Oleh: Patti Hadi
(Ketua Ormas FKPPI Kabupaten Muna)
FNEWS.ID, MUNA – Raha adalah ibu kota Kabupaten Muna, sebuah daerah di Sulawesi Tenggara yang kaya akan adat, budaya, dan nilai-nilai luhur yang diwariskan turun-temurun. Di balik sederet tradisi dan kearifan lokalnya, Muna memiliki identitas kuat, termasuk penghormatan tinggi terhadap perempuan yang dikenal dengan sebutan Kalambe Wuna. Maka, ketika seorang perempuan berinisial DG mengeluarkan pernyataan bernada hinaan terhadap gadis-gadis Raha dalam siaran langsung di media sosial, publik Muna bereaksi keras.

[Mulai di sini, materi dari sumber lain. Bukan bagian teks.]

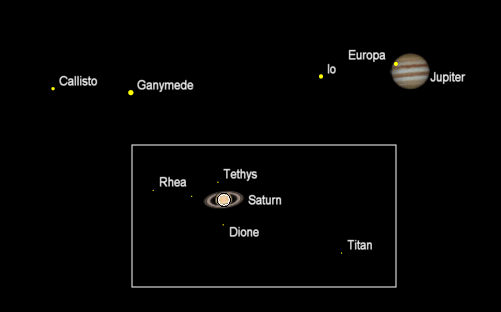 Telescopic planets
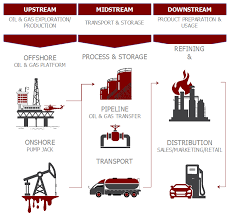 Gas malaysia sdn bhd manufactures of promote, construct, and operate natural gas distribution system, supply of liquefied petroleum gas (lpg) lam soon edible oils sdn bhd manufactures of hydrogenated fats (palm, palm kernel, seed oils and blends), rbd palm fractions (olein, stearin. Oil And Gas Malaysia Company Synerlitz Malaysia Sdn Bhd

Candaan yang menyebut bahwa “gadis-gadis Raha jelek-jelek” bukan sekadar ucapan sembrono, tetapi telah melukai martabat komunitas adat. Terlebih, pernyataan tersebut disampaikan dalam nada mengejek bersama dua rekannya dan menyebar luas hingga memicu amarah publik.
Mencederai Martabat Perempuan Muna
Sebutan “Kalambe Wuna” bukanlah istilah biasa. Ia melekat pada identitas perempuan Muna yang dijunjung tinggi melalui berbagai tradisi luhur, salah satunya adalah Karia atau Kaghombo. Tradisi ini tidak sekadar seremoni adat, melainkan proses sakral yang mempersiapkan seorang perempuan dalam menyongsong kedewasaan, menjadi istri, dan kelak menjadi ibu yang bijak serta bermartabat.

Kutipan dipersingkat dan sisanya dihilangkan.